Every line from the one containing "Women's Floral Long" through the end of the listing below goes in the output, exactly and without pictures.

====

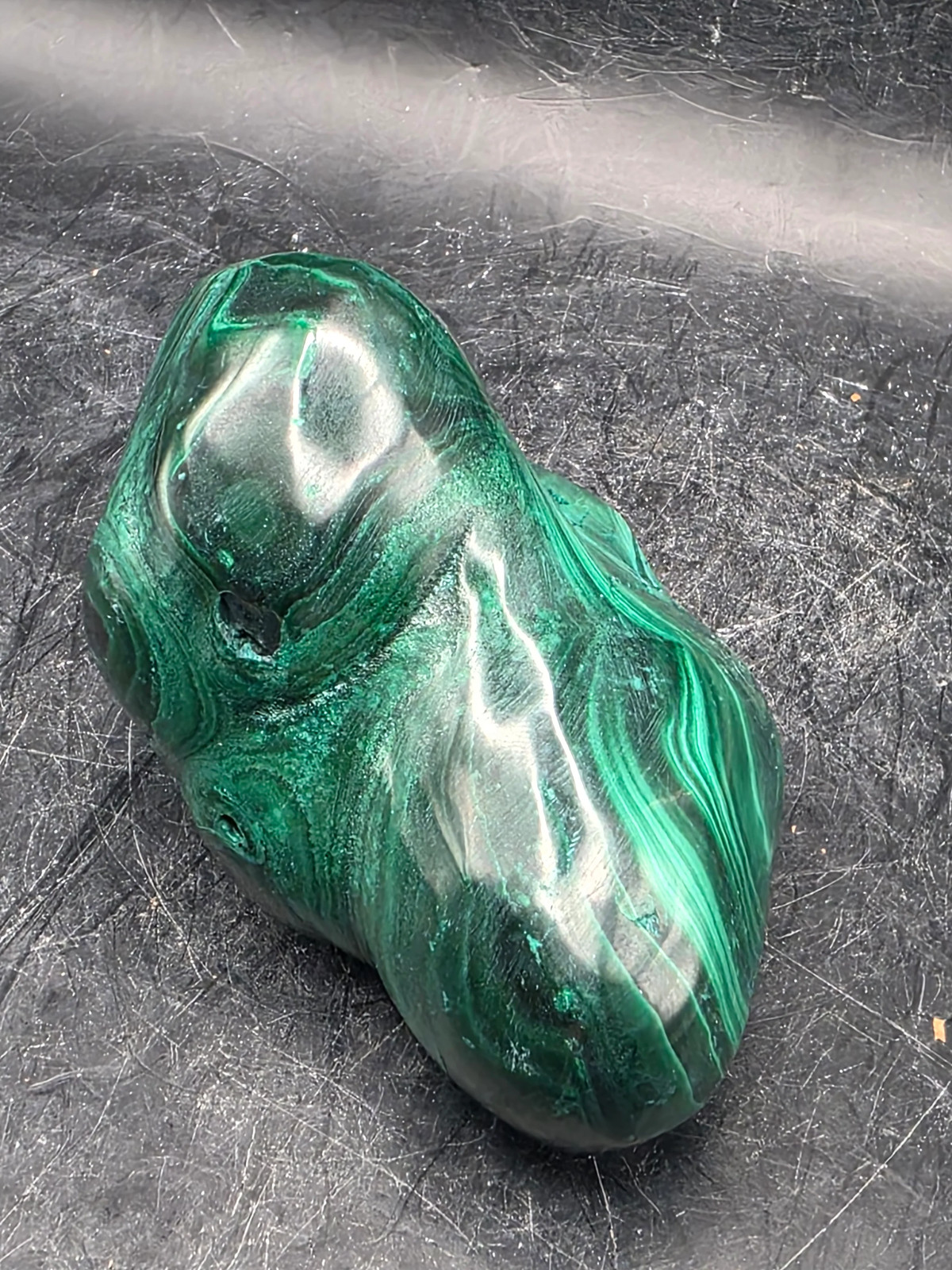 Malachite polished free form! 10 ounces, 3.2 inches long, 1.8″ wide!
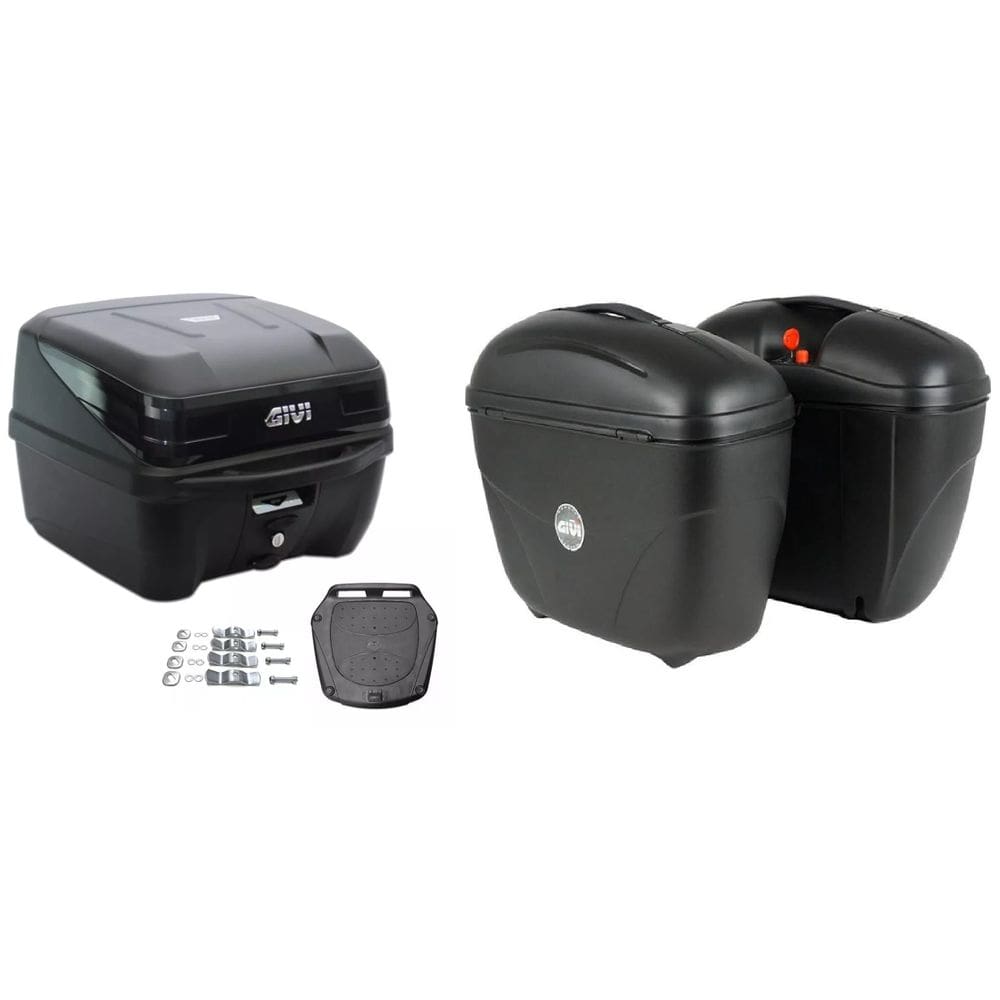 BAU MOTO 33L MONOLOCK TRAFFIC 3 PRETO + BAU 21L LATERAL CRUISER E21N GIVI XRE lander bros fazer dominar400 twister 300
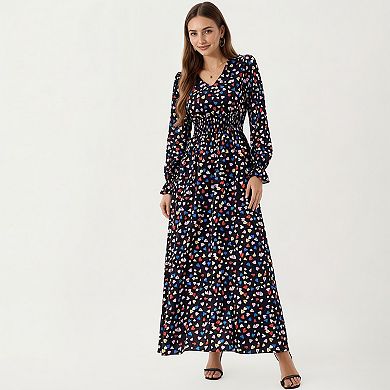 Women's Floral Long Sleeve Maxi Dress with V Neckline and Ruffle Cuffs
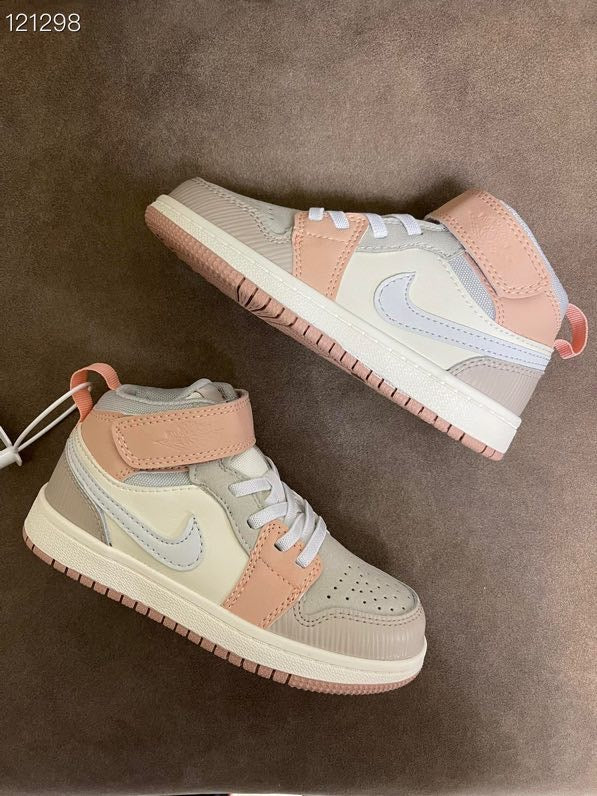 Joe's high-top Velcro children's shoes" light grey, peach"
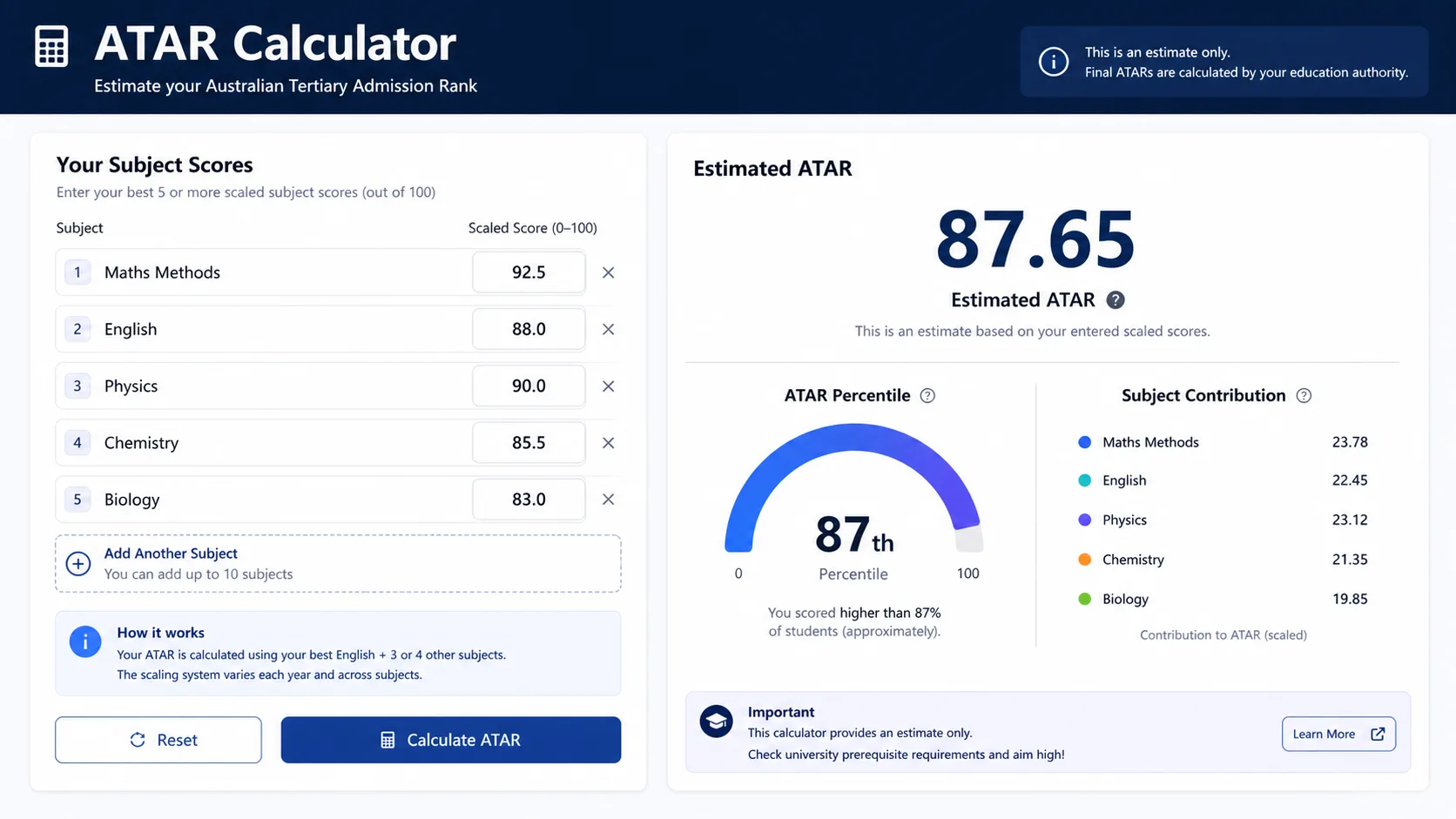 ATAR Calculator Explained: How Your ATAR is Calculated Step-by-Step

====

**Result**
 Women's Floral Long Sleeve Maxi Dress with V Neckline and Ruffle Cuffs
 Joe's high-top Velcro children's shoes" light grey, peach"
 ATAR Calculator Explained: How Your ATAR is Calculated Step-by-Step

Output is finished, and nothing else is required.